### [Exercise requirements]
Please, without any pictures, set down exactly the part of the listing below that opens with the line containing "I'm going to go ahead" and closes with the line containing "I'm going to go up".

[Input records]

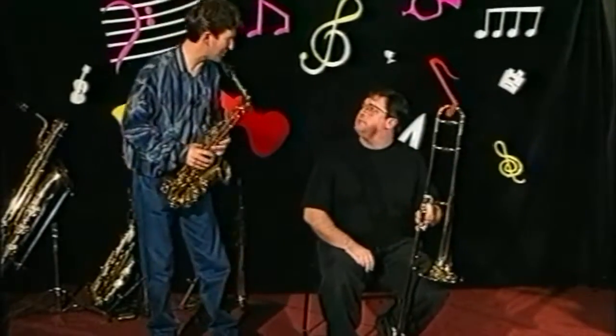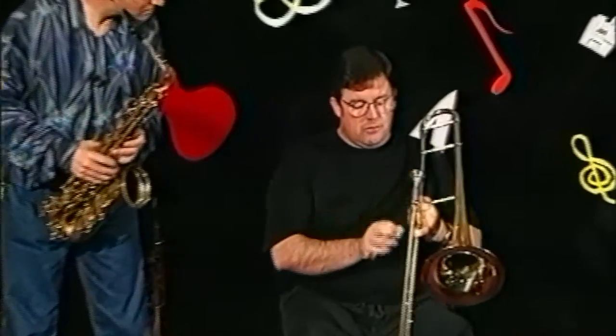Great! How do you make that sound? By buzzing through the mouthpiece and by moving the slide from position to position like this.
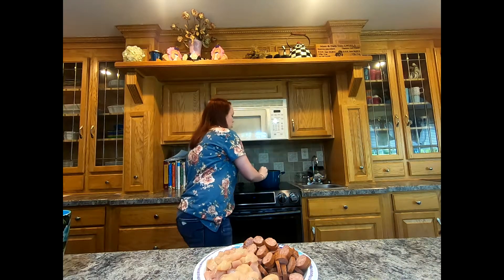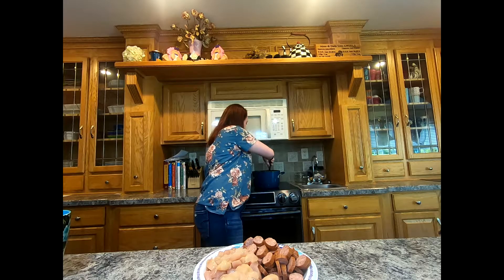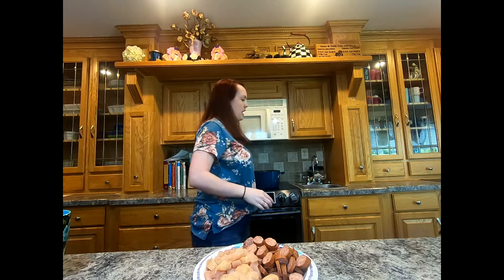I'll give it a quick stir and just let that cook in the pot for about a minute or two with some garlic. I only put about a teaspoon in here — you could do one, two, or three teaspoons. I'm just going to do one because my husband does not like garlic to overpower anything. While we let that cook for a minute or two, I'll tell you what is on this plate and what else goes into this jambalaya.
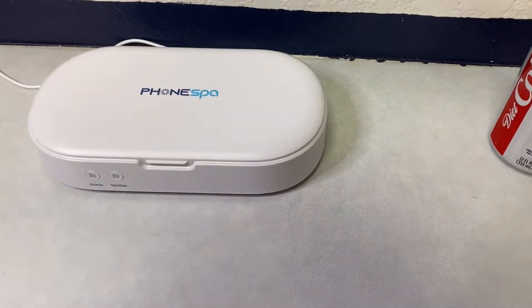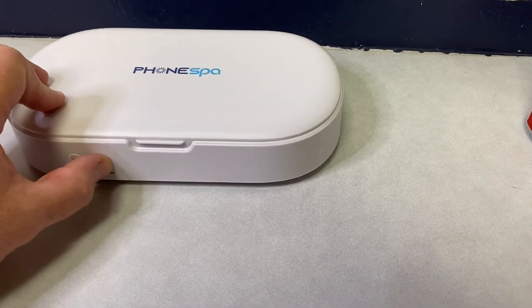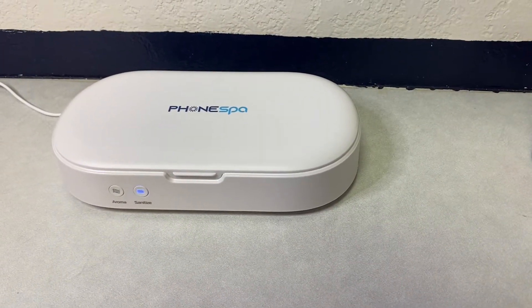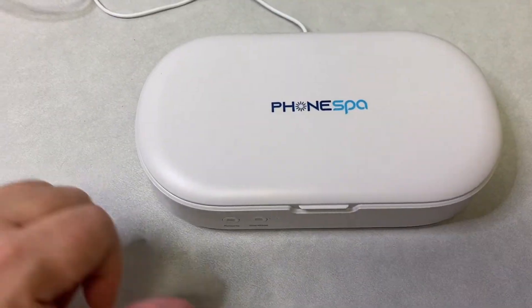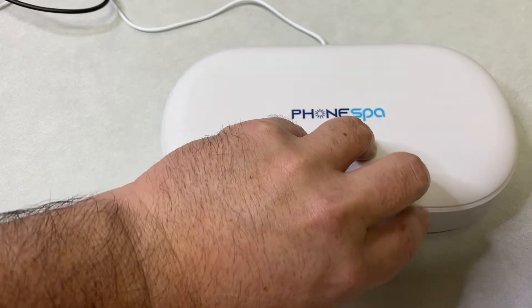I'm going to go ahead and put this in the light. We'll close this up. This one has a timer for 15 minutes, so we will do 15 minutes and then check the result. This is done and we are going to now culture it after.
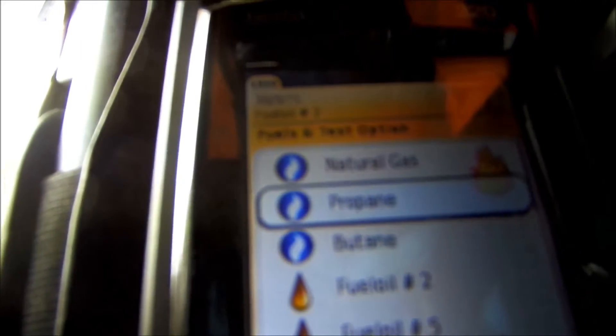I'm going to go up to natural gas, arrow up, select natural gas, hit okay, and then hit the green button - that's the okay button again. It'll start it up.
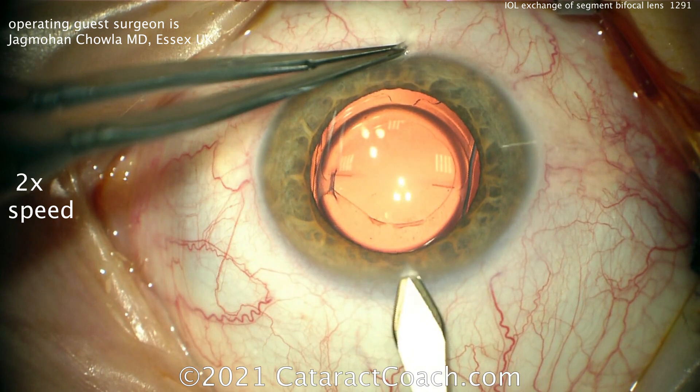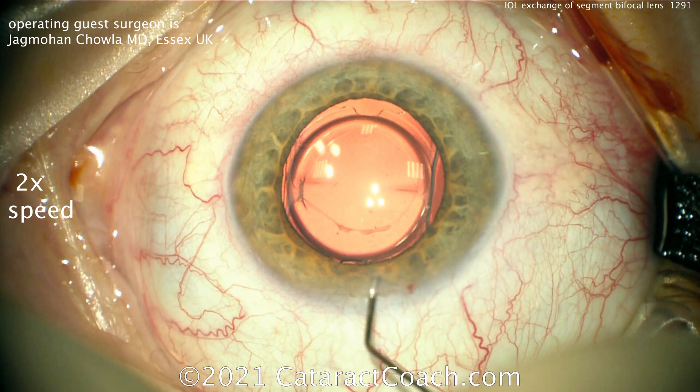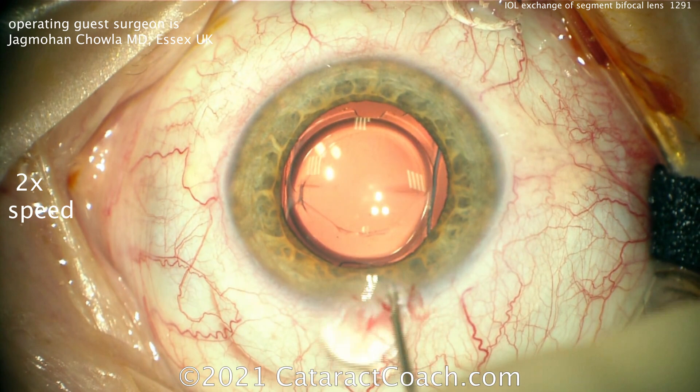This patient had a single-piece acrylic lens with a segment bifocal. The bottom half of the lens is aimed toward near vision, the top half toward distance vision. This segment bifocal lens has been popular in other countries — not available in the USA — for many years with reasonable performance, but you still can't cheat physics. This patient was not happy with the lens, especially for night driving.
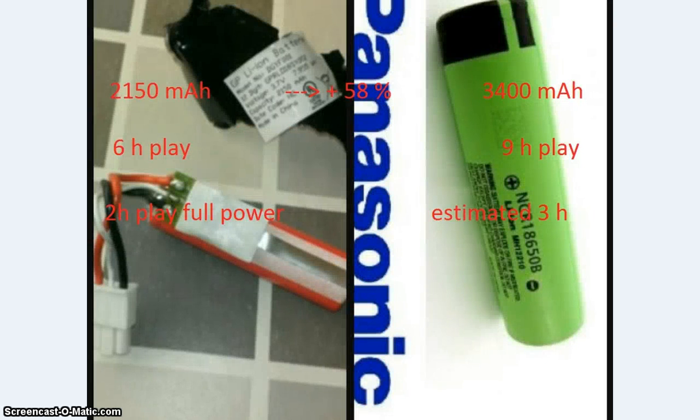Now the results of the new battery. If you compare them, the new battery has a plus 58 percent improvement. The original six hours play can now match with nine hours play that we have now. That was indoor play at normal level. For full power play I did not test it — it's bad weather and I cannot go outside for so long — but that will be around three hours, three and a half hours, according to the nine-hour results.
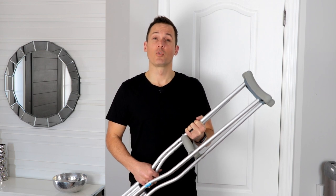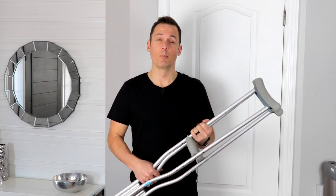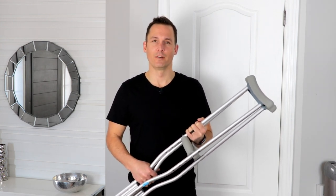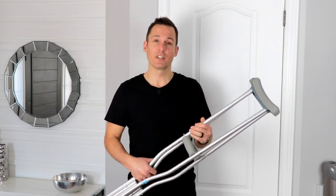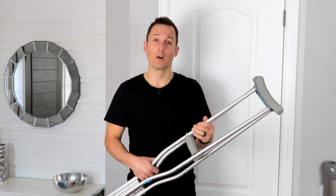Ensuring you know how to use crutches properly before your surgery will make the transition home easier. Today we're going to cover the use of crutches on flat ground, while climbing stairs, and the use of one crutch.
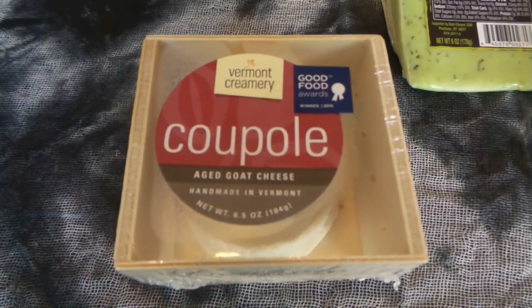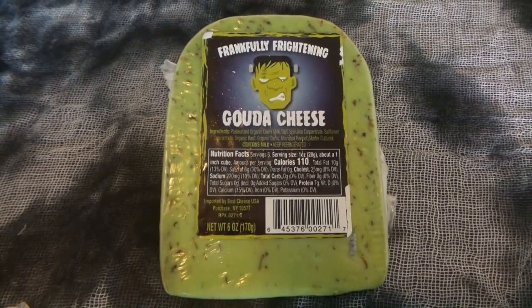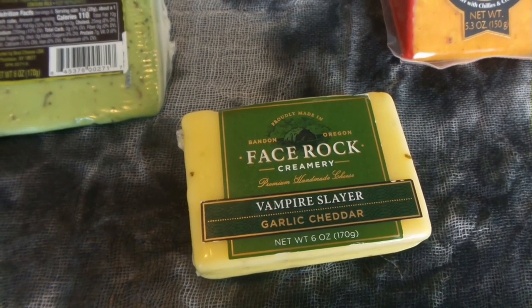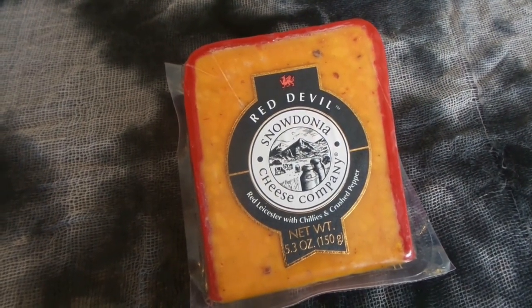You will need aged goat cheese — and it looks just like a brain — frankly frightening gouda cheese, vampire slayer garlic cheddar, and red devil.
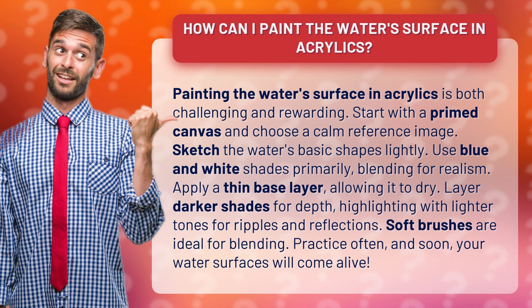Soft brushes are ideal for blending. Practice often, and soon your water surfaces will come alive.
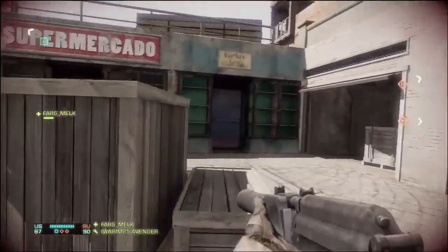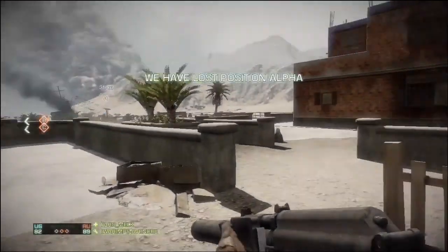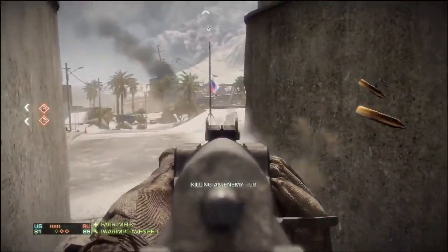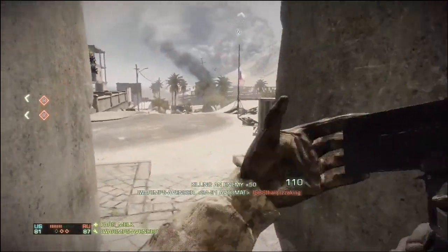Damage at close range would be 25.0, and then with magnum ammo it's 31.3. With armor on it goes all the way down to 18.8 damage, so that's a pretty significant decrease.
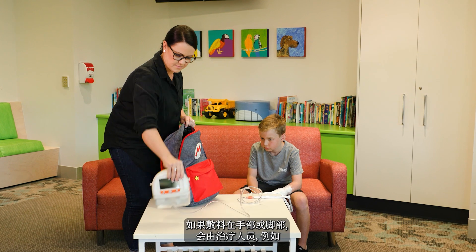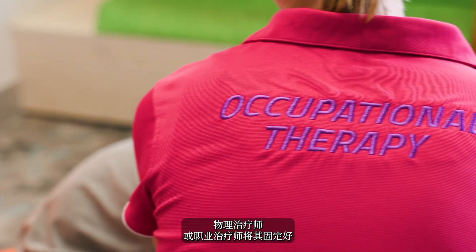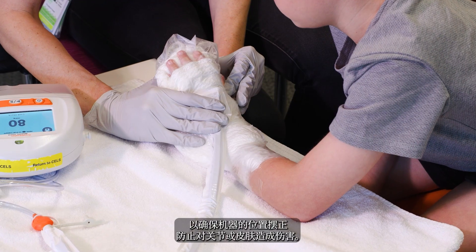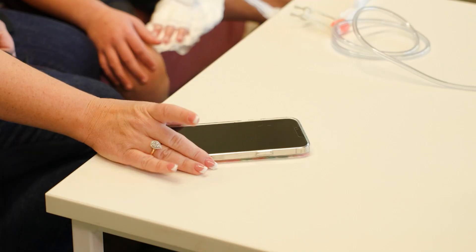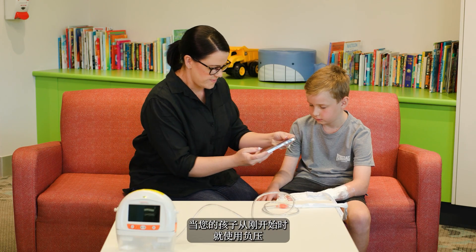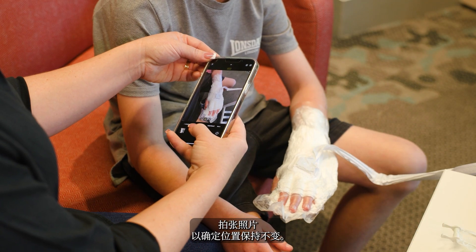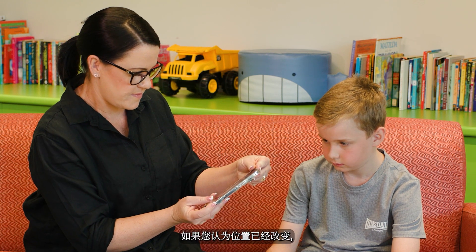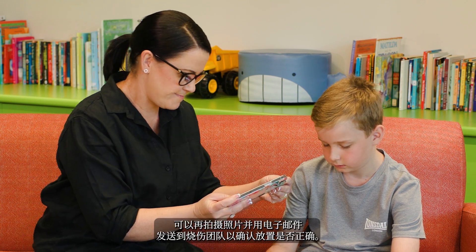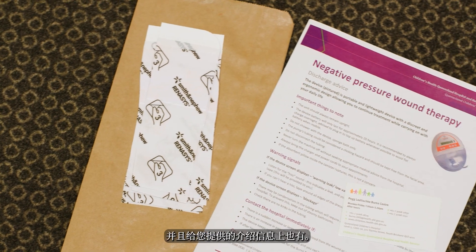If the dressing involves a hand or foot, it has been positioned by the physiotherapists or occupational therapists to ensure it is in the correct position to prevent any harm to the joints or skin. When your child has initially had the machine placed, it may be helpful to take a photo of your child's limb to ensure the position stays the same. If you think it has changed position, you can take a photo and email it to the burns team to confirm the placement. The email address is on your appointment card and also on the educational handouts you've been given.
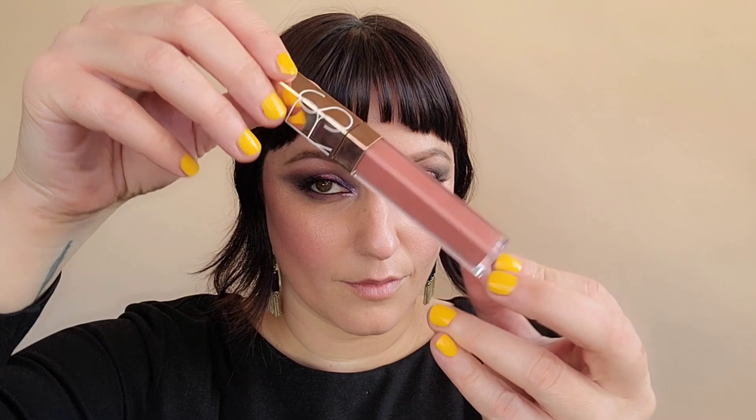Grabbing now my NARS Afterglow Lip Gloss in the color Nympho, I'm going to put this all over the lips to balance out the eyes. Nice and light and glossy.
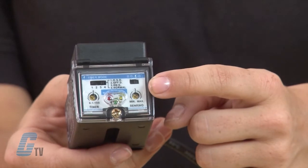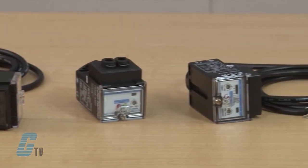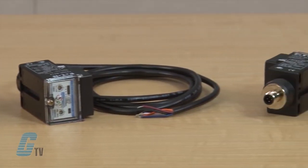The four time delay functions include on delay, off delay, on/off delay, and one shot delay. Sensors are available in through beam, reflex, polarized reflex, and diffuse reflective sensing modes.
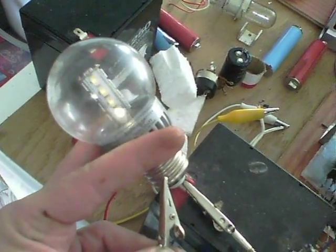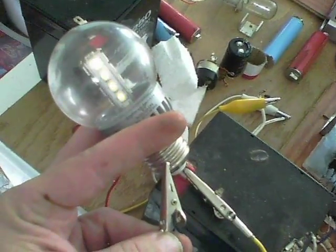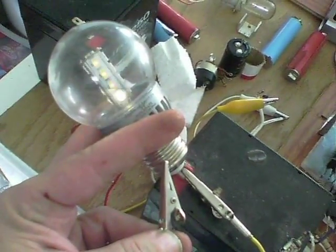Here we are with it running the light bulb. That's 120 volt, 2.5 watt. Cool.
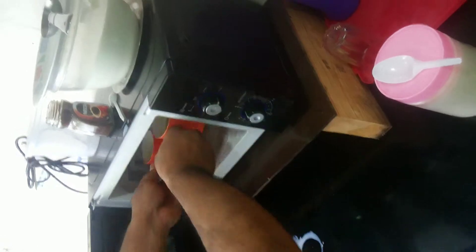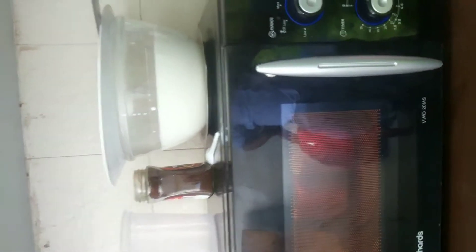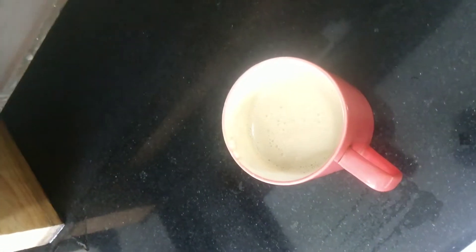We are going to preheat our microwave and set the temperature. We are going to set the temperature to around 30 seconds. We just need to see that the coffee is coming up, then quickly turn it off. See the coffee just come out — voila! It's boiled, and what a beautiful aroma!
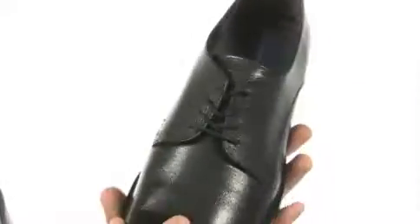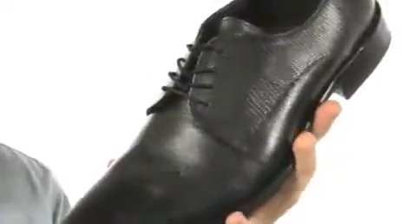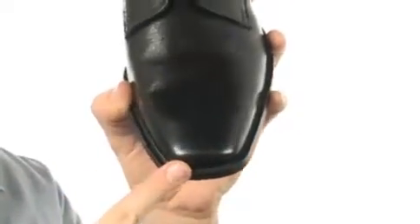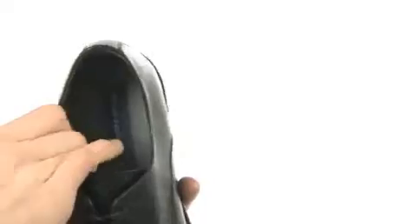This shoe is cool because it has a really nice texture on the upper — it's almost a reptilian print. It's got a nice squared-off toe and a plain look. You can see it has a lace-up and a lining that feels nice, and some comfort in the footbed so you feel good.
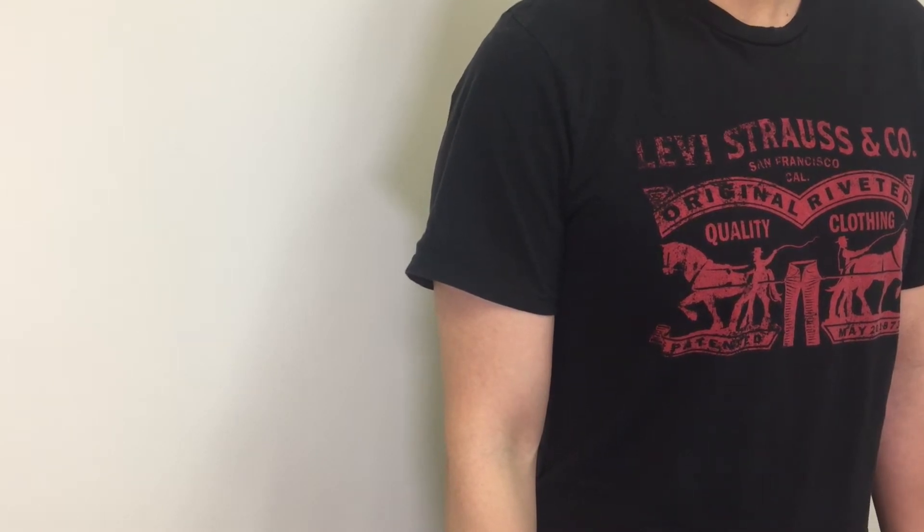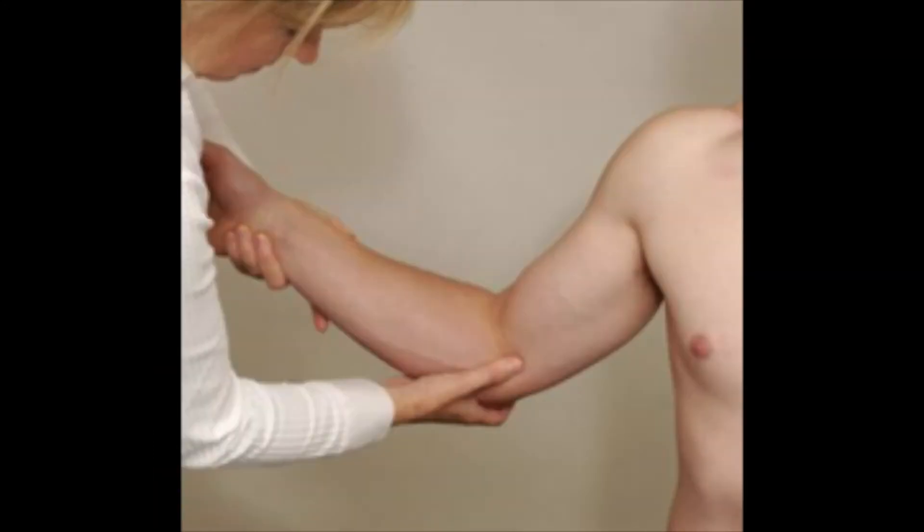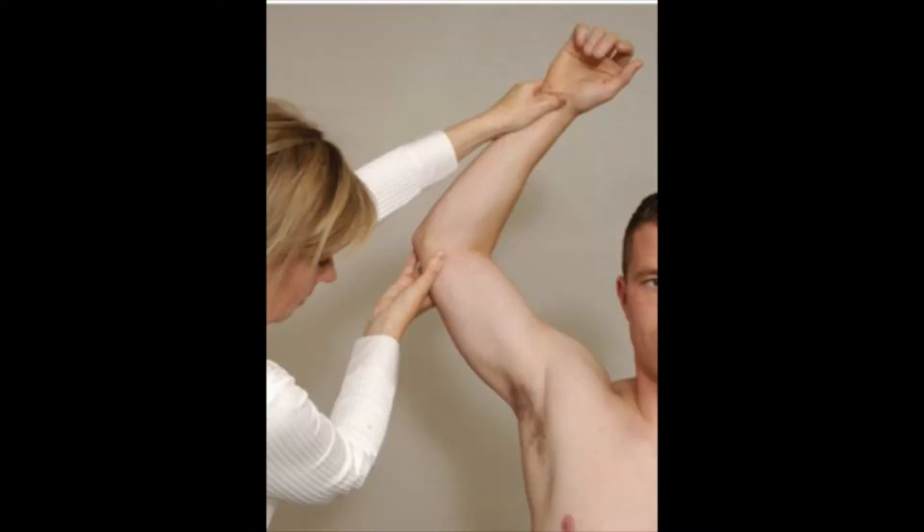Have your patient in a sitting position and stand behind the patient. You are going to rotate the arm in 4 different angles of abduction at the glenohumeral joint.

[/Input records]

### [Written answer]
I'm going to go ahead and put this in the light. We'll close this up. This one has a timer for 15 minutes, so we will do 15 minutes and then check the result. This is done and we are going to now culture it after.
I'm going to go up to natural gas, arrow up, select natural gas, hit okay, and then hit the green button - that's the okay button again. It'll start it up.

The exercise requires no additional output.